[[ Available data open ]]
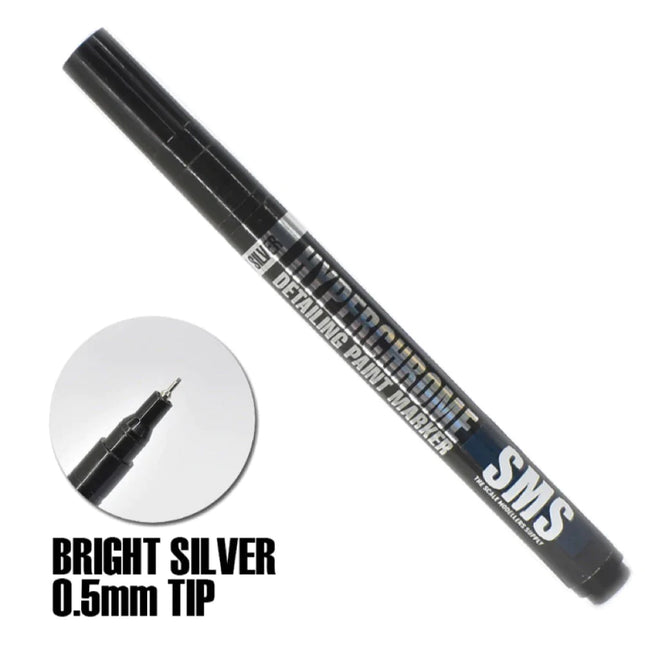 Sms Mrk01 Hyperchrome Marker Bright Silver 0.5mm Tip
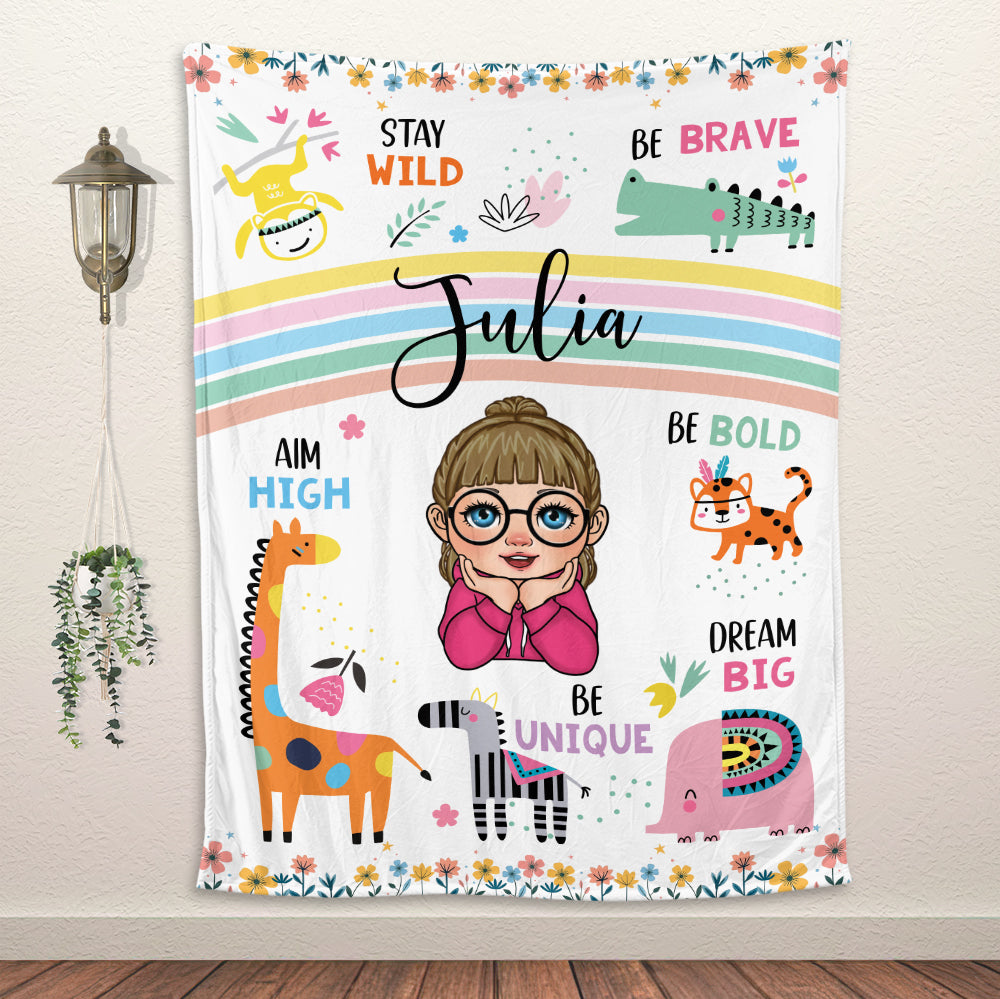 Stay Wild Blanket - Personalized Blanket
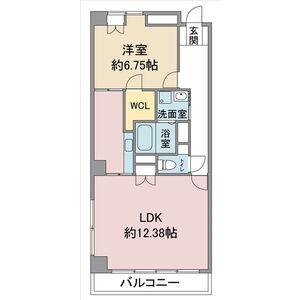 シャルマン高社(1LDK/5階)の間取り写真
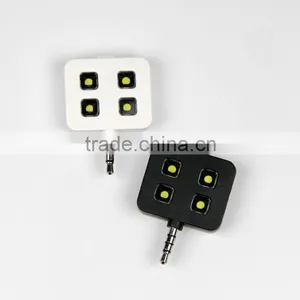 Universal Iblazr RK06 RK-06 Mini Portable LED Selfie Flash Light Adapter for Phone Camera With 4 LED Light thumbnail-1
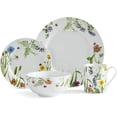 thumbnail image 1 of Portmeirion Home Bumble Bee Dinnerware Set  16 Piece Dish Set with Floral Design  Service for 4  Made from Porcelain  Microwave and Dishwasher Safe, 1 of 6
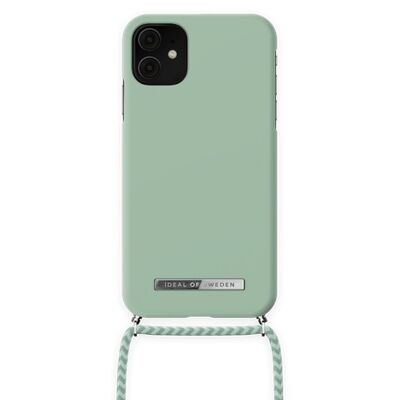 Custodia per collana per telefono ordinario iPhone XR Spring Mint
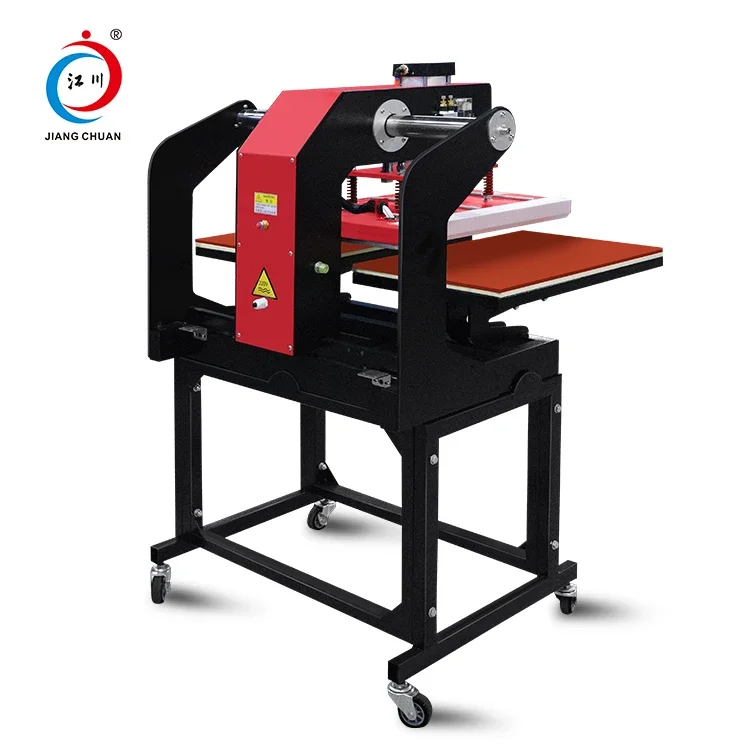 Big Size Pneumatic Dual Worktable Heat Press Transfer Machine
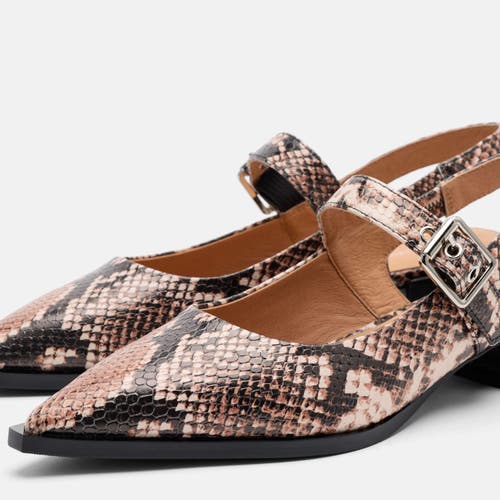 Marc Nolan Chelsea Leather Slingback Block Heels In Multi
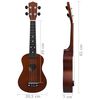 vidaXL Soprano Ukulele Set with Bag for Kids Dark Wood 23"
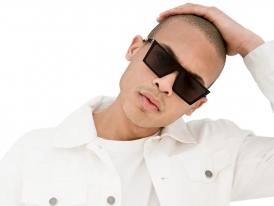 Retrosuperfuture W Black L2X на мужском лице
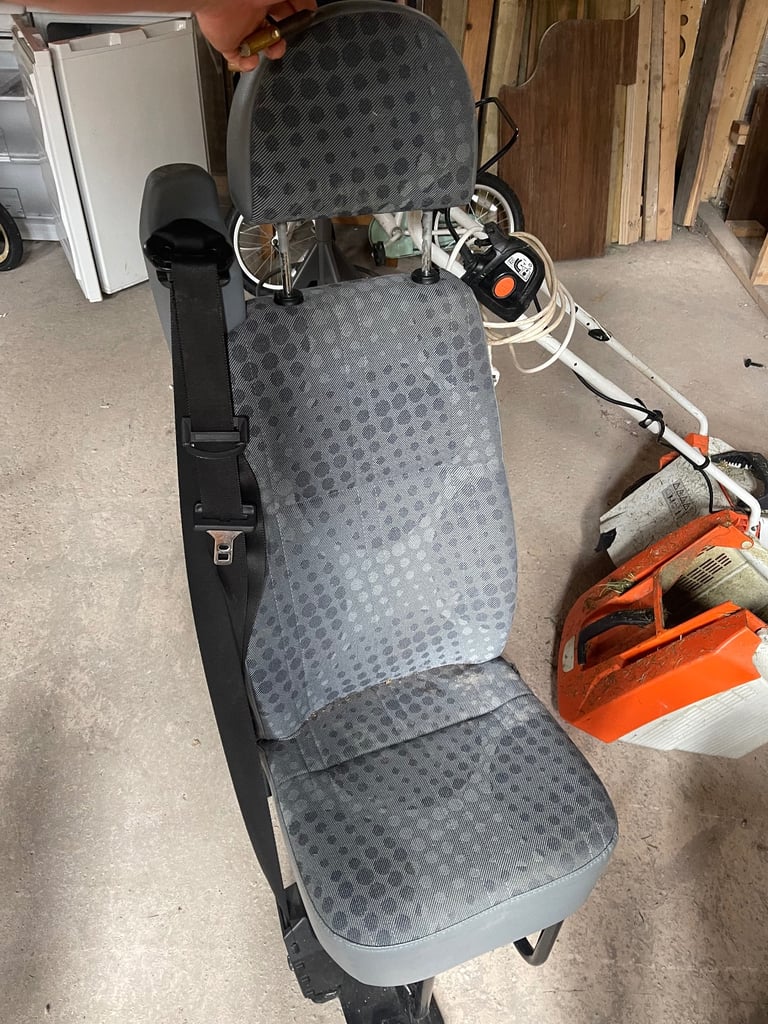 image for Single van seat with integrated seatbelt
[[ Available data closed ]]
» Work to complete:
Print the data again, word for word, without any pictures.

» Expected answer:
 Sms Mrk01 Hyperchrome Marker Bright Silver 0.5mm Tip
 Stay Wild Blanket - Personalized Blanket
 シャルマン高社(1LDK/5階)の間取り写真
 Universal Iblazr RK06 RK-06 Mini Portable LED Selfie Flash Light Adapter for Phone Camera With 4 LED Light thumbnail-1
 thumbnail image 1 of Portmeirion Home Bumble Bee Dinnerware Set  16 Piece Dish Set with Floral Design  Service for 4  Made from Porcelain  Microwave and Dishwasher Safe, 1 of 6
 Custodia per collana per telefono ordinario iPhone XR Spring Mint
 Big Size Pneumatic Dual Worktable Heat Press Transfer Machine
 Marc Nolan Chelsea Leather Slingback Block Heels In Multi
 vidaXL Soprano Ukulele Set with Bag for Kids Dark Wood 23"
 Retrosuperfuture W Black L2X на мужском лице
 image for Single van seat with integrated seatbelt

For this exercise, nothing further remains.